Formation of Representations in Neural Networks
Liu Ziyin, Isaac Chuang, Tomer Galanti, Tomaso Poggio
TL;DR
The paper addresses how neural networks form compact, transferable latent representations by introducing the Canonical Representation Hypothesis (CRH), which asserts six mutual alignments among layer representations $H$, gradients $G$, and weights $W$ that emerge during training under a balance between gradient noise and regularization. It provides a minimal-assumption, fluctuation-dissipation-inspired theory showing that, when stationarity conditions are met, $H$, $G$, and $Z$ align, and, if CRH is broken, the system exhibits reciprocal power-law (Polynomial Alignment) phases (PAH) relating these objects.
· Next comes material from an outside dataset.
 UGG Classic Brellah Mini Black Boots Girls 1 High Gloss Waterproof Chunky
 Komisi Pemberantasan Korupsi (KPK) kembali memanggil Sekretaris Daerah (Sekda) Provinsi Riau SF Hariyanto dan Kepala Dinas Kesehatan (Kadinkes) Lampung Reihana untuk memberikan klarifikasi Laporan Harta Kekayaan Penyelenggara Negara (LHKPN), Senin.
The authors support CRH and PAH with extensive experiments across fully connected nets, CNNs, self-supervised learning, ResNets, and transformers, observing strong forward and backward alignments and consistent power-law scaling across layers and models. These results unify phenomena such as neural collapse and the neural feature ansatz under a single framework, with implications for invariant learning and robustness, while acknowledging limitations to FC layers and interpolation regimes that motivate further work.
Abstract
Understanding neural representations will help open the black box of neural networks and advance our scientific understanding of modern AI systems. However, how complex, structured, and transferable representations emerge in modern neural networks has remained a mystery. Building on previous results, we propose the Canonical Representation Hypothesis (CRH), which posits a set of six alignment relations to universally govern the formation of representations in most hidden layers of a neural network. Under the CRH, the latent representations (R), weights (W), and neuron gradients (G) become mutually aligned during training. This alignment implies that neural networks naturally learn compact representations, where neurons and weights are invariant to task-irrelevant transformations. We then show that the breaking of CRH leads to the emergence of reciprocal power-law relations between R, W, and G, which we refer to as the Polynomial Alignment Hypothesis (PAH). We present a minimal-assumption theory proving that the balance between gradient noise and regularization is crucial for the emergence of the canonical representation. The CRH and PAH lead to an exciting possibility of unifying major key deep learning phenomena, including neural collapse and the neural feature ansatz, in a single framework.